R-Script & processed data

The preprocessing and analysis of the data was conducted in the R project for statistical computing. The RMarkdown script used to generate this document and all the resulting data can be downloaded under this link. Through executing main.Rmd, the herein described process can be reproduced and this document can be generated. In the course of this, data from the folder ìnput will be processed and results will be written to output.

Attention: Please set your working directory in the first code chunk!

GitHub

The code for the herein described process can also be freely downloaded from https://github.com/srfdata/2015-06-elections-partystrengths.
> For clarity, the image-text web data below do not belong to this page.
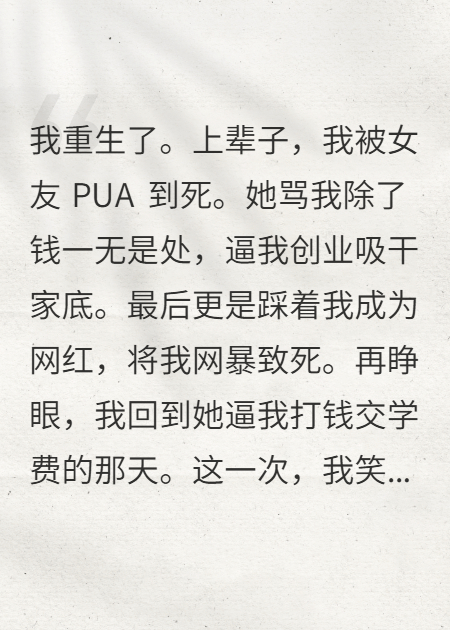 重生富二代之我要当咸鱼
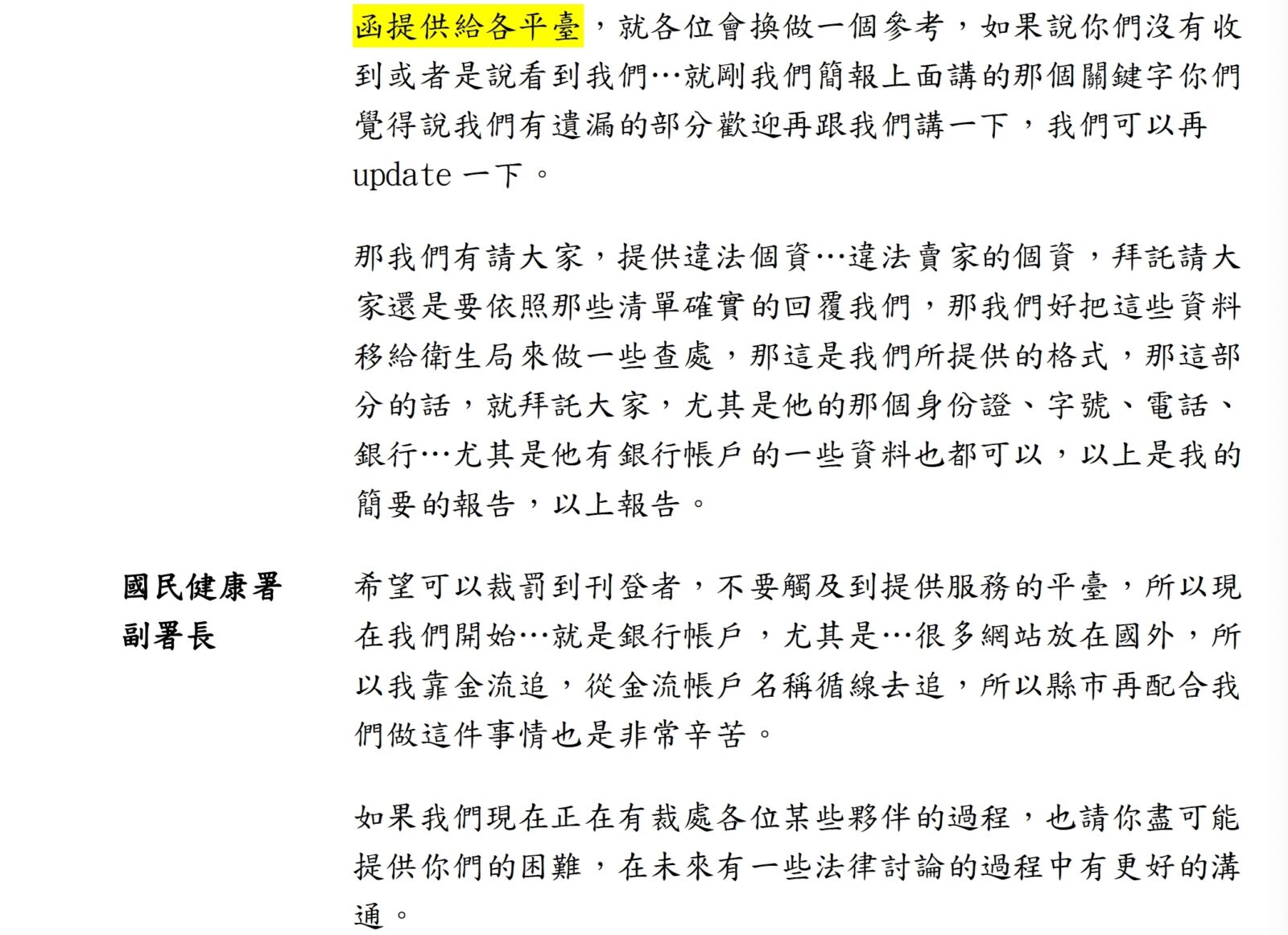 【個資紅線3-1】強力掃蕩電子煙新毒品　國健署要平台業者供出違法會員惹議 15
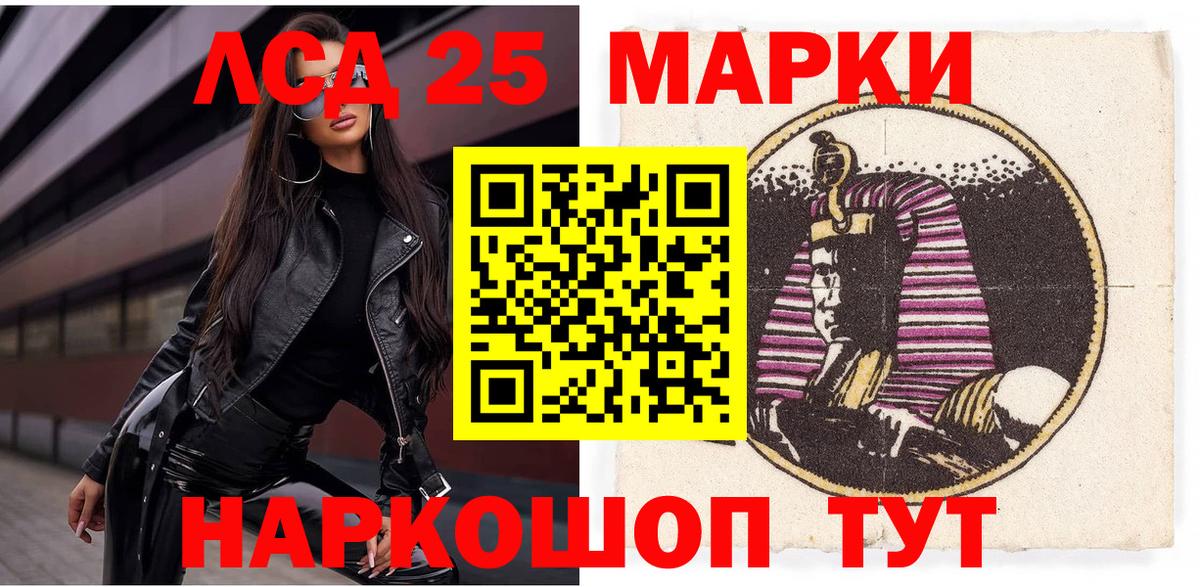 как найти закладки  Марки N-bome  Архангельск  Вход с VPN  Марки N-bome 1,5мг 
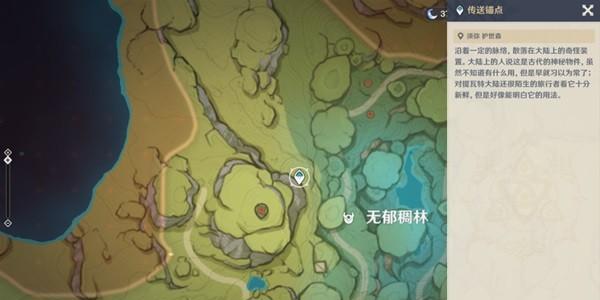玩转原神玉帛兑换任务攻略（解锁无尽宝藏，探寻秘境奇遇）
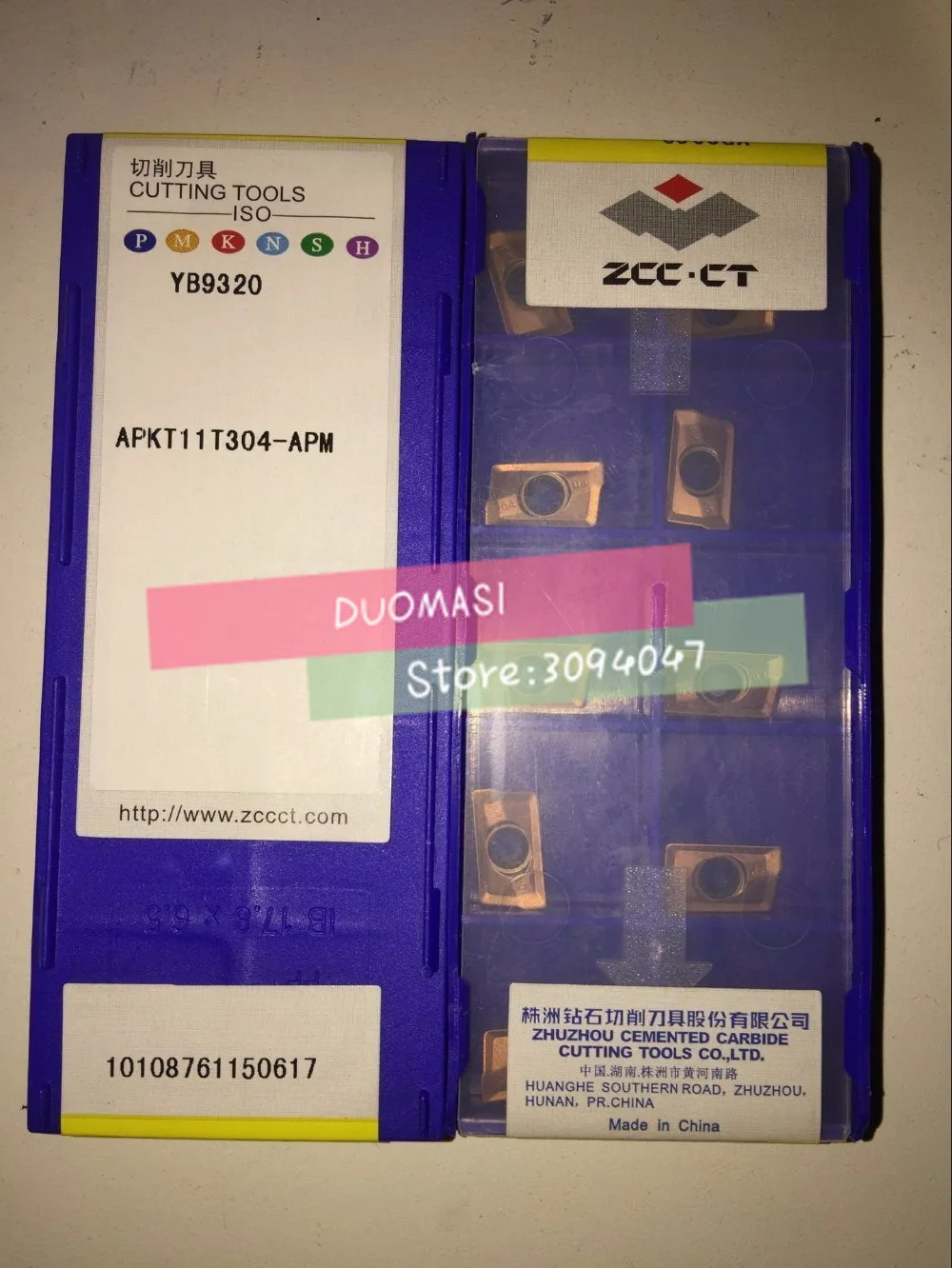 

APKT11T304-APM YB9320 10pcs/lot Cemented Carbide Cutting cnc tools Milling insert cutter apkt11t304 apkt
Criticism in the form of GitHub issues and pull requests are very welcome!

License

Creative Commons License
2015-06-elections-partystrengths by SRF Data is licensed under a Creative Commons Attribution-NonCommercial-ShareAlike 4.0 International License.

Exclusion of liability

The published information has been collated carefully, but no guarantee is offered of its completeness, correctness or up-to-date nature. No liability is accepted for damage or loss incurred from the use of this script or the information drawn from it. This exclusion of liability also applies to third-party content that is accessible via this offer.

Other projects

All code & data from SRF Data is available under http://srfdata.github.io.

Data description

Original data source

  • input/parteienstaerke.xlsx - Communal party strengths, received by the Federal Statistical Office (BFS) (not publicly available as far as we know)
  • input/parteienstaerke_mod_2.xlsx - Slightly and manually structurally adjusted parteienstaerke.xlsx in order to make reading into R easier - note: file seems to have errors when opened via Excel/OpenOffice/etc. but still contains valid, R-readable data
  • input/parteienstaerke_national.xlsx - National party strengths, without formatting, as publicly available from the BFS
  • input/gdenamen_translation.xlsx - Common translations for Swiss municipalities, without formatting, as publicly available from the BFS (sheet “Geb. Übers. - Trad. usuelles”)
  • input/geodata/g2g14.* - Official, unaltered, generalized municipality borders (2014) as available from the BFS

Description of output

The following sections describe the results of the data preprocessing as stored in the output folder.

output/municipalities.csv

Contains metadata for all 2’345 municipalities as of May 1st, 2014, derived from input/parteienstaerke_mod_2.xlsx and input/gdenamen_translation.xlsx.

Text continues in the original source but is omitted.